In JRuby we've made a best attempt to keep the core data structures like
Array, Hash, and String as thread-safe as possible without introducing
locks (which would slow down single-threaded cases). There are cases
where when using Array or Hash you may get ConcurrencyErrors raised.
This is the trade-off for having fast lock-free collections.

I would very much welcome a set of guaranteed-thread-safe wrapper
collections folks could use if they're concerned about concurrency,
since it would be unreasonable to penalize all code with locking. For
now, learn and love Mutex, or don't share collections across threads.

- Charlie

Robert Dober

12/26/2008 9:43:00 AM

I would very much welcome a set of guaranteed-thread-safe wrapper
> collections folks could use if they're concerned about concurrency, since=
it
> would be unreasonable to penalize all code with locking. For now, learn a=
nd
> love Mutex, or don't share collections across threads.

That sounds like a fun job. The issue goes well with a question which
burns on the top of my tongue:
How to test thread issues? I do not have any experience in this field
but consider it somehow critical before "promising" functional thread
safe wrappers.

Cheers
R.

--=20
Il computer non =E8 una macchina intelligente che aiuta le persone
stupide, anzi, =E8 una macchina stupida che funziona solo nelle mani
delle persone intelligenti.
Computers are not smart to help stupid people, rather they are stupid
and will work only if taken care of by smart people.

Umberto Eco

Robert Klemme

12/26/2008 10:23:00 AM

On 26.12.2008 10:43, Robert Dober wrote:
> I would very much welcome a set of guaranteed-thread-safe wrapper
>> collections folks could use if they're concerned about concurrency, since it
>> would be unreasonable to penalize all code with locking. For now, learn and
>> love Mutex, or don't share collections across threads.
>
> That sounds like a fun job. The issue goes well with a question which
> burns on the top of my tongue:
> How to test thread issues? I do not have any experience in this field
> but consider it somehow critical before "promising" functional thread
> safe wrappers.

This is tricky. There are few things I'd like to say to this: first,
there is an easy way to provide _basic_ thread safety by wrapping all
method calls in a synchronized block - for this even a
SynchronizedDelegator would be sufficient which could be used for _all_
classes - not just collections. In this case, because of the way the
wrapping is done there is no need to test thread safety because - as
long as the delegator ensures that all methods are wrapped in this way
there is no chance of corrupting internal state.

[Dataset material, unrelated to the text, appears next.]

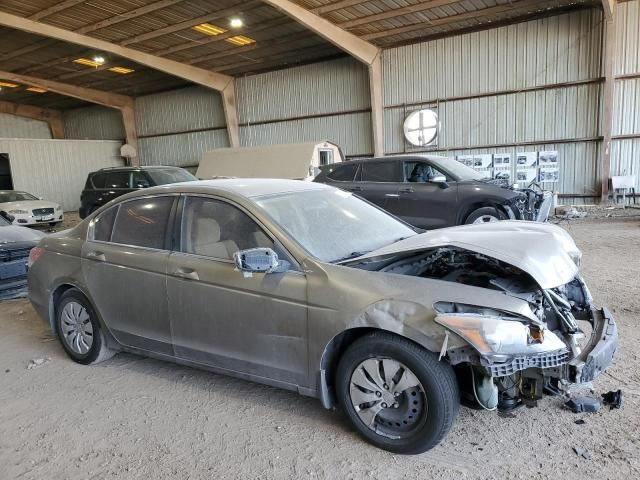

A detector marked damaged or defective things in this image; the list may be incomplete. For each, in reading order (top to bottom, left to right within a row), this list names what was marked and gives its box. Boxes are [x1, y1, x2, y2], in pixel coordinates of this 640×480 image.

But, in the general case thread safety cannot be achieved on the class
level. My typical example is this

if hash.contains_key? k
dat = hash[k]
else
dat = create_dat(k)
hash[k] = dat
end

The basic property of this bit of code which makes it impossible to
ensure thread safety on level of class Hash is that there are two
methods invoked on the same instance and there must not be any state
change between them because then you either end up with garbage (nil) in
"dat" or you invoke create_dat(k) more than once per key value and this
leads to different threads having a different idea of what hash[k] is.

So in this case you need a lock around the _complete_ block of code.
(Note, the method level lock would work if using a Hash with a default
block, but this solves only a small portion of the cases.) This is also
the reason why a general per method locking is only of limited use. It
only ensures consistency of the internal state of an object but can
never ensure overall concurrency correctness of an application.

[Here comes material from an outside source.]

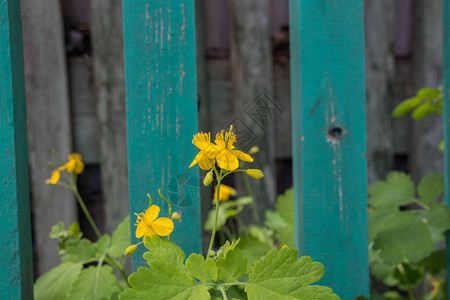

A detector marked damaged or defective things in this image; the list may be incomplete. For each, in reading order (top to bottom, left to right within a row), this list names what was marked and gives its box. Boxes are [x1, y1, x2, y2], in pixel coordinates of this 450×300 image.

peeling paint on wood [0, 0, 33, 298]
peeling paint on wood [122, 0, 201, 268]
peeling paint on wood [288, 0, 370, 298]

Testing thread safety is difficult to impossible for several reasons.
One of the reasons is that for proper control of the test case you would
need to ensure exact timing of thread execution. While you could do
that I have never seen people actually doing this - maybe because this
will make test suites run much slower. Another reason is that you
vastly depend on the underlying machine (i.e. hardware, OS and VM). I
have seen Java programs break as soon as they were executed on a multi
core machine with more than n cores.

Things aren't made easier by the fact that - concluding from postings I
see on comp.lang.java.* newsgroups for example - few people seem to have
a thorough understanding of concurrency and all the issues involved.
Another item on the "makes it hard" list is the fact that most OO and
procedural languages only have a very basic toolkit for concurrency
control; while Java started out pretty good with built in "synchronized"
it took until version 5 that they incorporated Doug Lea's concurrency
utilities into the language's standard library and also into the EJB spec.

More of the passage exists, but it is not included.